Bewertung und Kritik zu

SANCTA 
von Florentina Holzinger
Premiere: 30. Mai 2024
Mecklenburgisches Staatstheater Schwerin 
Stuttgart-Premiere: 5. Oktober 2024
Staatsoper Stuttgart
Berlin-Premiere 15. November 2024
Volksbühne am Rosa-Luxemburg-Platz

Zum Inhalt: Florentina Holzinger eröffnet SANCTA mit Paul Hindemiths einaktiger Oper Sancta Susanna, in der eine Nonne brutale Bestrafung für ihre sexuelle Selbstbestimmung erfährt. Es folgt eine heilige Messe: Bach, Rachmaninow, Metal, Noise und zeitgenössischen Kompositionen treffen in einer musikalischen Tour de Force aufeinander, in der Magie und Wunder der Kirche eine Aneignung erfahren, aber auch ihr Bezug zu Opfer und Gewalt verarbeitet wird.

Der religiösen Disziplinierung und Bestrafung von Sexualität zum Erlangen von religiöser Ekstase stellt SANCTA einen lustvollen Gegenentwurf gegenüber.
Auf der Suche nach Transzendenz, verdrehen Körpermodifikationskünstlerinnen* die religiösen Topoi von Kreuzigungswunden, Penetration, Kannibalismus und Transformation; Show-Magierinnen* zeigen ihre Interpretationen der biblischen Wunder; die Sixtinische Kapelle wird zur Kletterwand, die Oper zum Rockmusical, Gott zum Roboter, Jesus Christus zu Jesus Christ Superstar.

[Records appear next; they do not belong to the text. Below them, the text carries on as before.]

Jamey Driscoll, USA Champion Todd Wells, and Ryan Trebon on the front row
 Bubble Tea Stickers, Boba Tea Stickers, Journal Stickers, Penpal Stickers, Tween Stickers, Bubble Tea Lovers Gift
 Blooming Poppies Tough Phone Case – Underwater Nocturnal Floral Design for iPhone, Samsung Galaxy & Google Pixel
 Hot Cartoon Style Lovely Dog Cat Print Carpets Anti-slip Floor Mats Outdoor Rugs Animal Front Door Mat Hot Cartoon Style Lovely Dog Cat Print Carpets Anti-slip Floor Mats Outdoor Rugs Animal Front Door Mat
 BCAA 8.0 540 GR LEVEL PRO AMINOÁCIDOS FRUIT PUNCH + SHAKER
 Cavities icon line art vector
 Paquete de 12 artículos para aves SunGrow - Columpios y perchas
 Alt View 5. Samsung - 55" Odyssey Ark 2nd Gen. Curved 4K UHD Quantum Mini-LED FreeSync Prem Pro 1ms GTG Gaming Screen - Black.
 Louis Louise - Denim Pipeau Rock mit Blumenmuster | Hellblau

Die heilige Messe wird zum Spektakel, Magie und Wunder, so Florentina Holzinger, müssen zur realen Möglichkeit werden. Spinnenhaft und dunkel, laut und exzessiv, lustig und erlösend, fordert SANCTA religiöse Konventionen heraus, in dem Versuch sie gleichzeitig zu erneuern.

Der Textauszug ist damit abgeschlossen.